Du côté de la population palestinienne, cette
campagne recueille de nombreux échos positifs car il leur semble
qu’enfin quelque chose est fait pour essayer de changer leur
situation.
Une campagne dans un contexte
politique local et international particulier
Rien de très nouveau dans les revendications des
réfugiés palestiniens au Liban. En effet dès le début des années
90, des officiels palestiniens ont envoyé une lettre au
gouvernement libanais, réclamant des droits civiques pour les réfugiés.
Mais jamais aucune réponse n’a été reçue. En fait, dans le
contexte d’Oslo, les Libanais croyaient qu’ils seraient
prochainement débarrassés des Palestiniens !!!.

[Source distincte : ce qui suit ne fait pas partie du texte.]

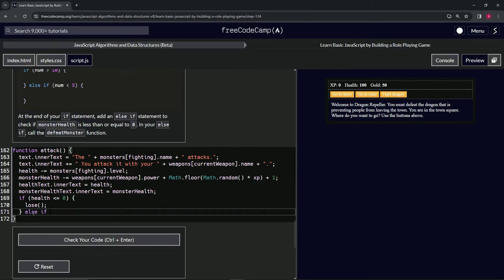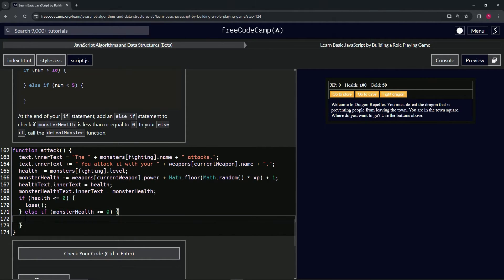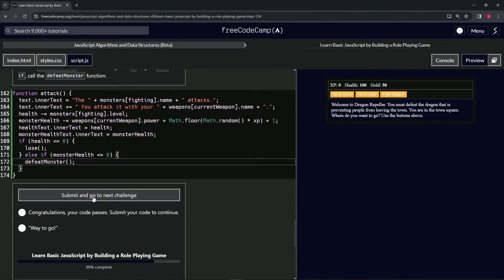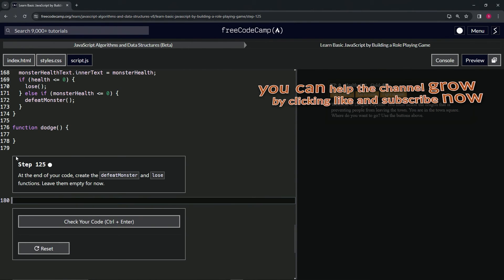We'll write else if, and check if monster health is less than or equal to zero. Inside, we call the defeat monster function, capped off with a semicolon. The code looks good, so let's submit it.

La campagne actuelle reprend les revendications
initiales, mais la méthode a changé. L’objectif est de
mobiliser largement la population pour faire pression sur les
politiques et soutenir les démarches officielles. La mise en
place de la campagne a profité de la situation politique au
Liban. Elle a été élaborée au cours du printemps. Dès la
première réunion du parlement et du gouvernement, les politiques
avaient reçu la lettre et ce dossier pourra être mis à
l’ordre du jour rapidement.
Les initiateurs de la campagne ne souhaitent pas
cette fois-ci se limiter au soutien de quelques partis politiques
précis, mais de taper à toutes les portes. Pour Samira Salah, la
situation politique actuelle est très favorable à la considération
de la question des droits civiques des réfugiés palestiniens. En
effet il semble que les Libanais aient enfin compris que le Liban
fait partie de l’enjeu politique régional. Tout le monde semble
prêt à écouter.
Le Droit au retour,
jusqu’au bout, jusqu’au retour.
Aujourd’hui il y a une pression internationale
et une volonté occidentale de régler à sa manière le problème
des réfugiés et le problème palestinien en général. La volonté
internationale est de trouver une solution basée sur un état à
Gaza pour les Palestiniens de l’intérieur et la naturalisation
des réfugiés là où ils se trouvent. Mais cette solution est
inacceptable pour les Palestiniens et les rend pessimistes.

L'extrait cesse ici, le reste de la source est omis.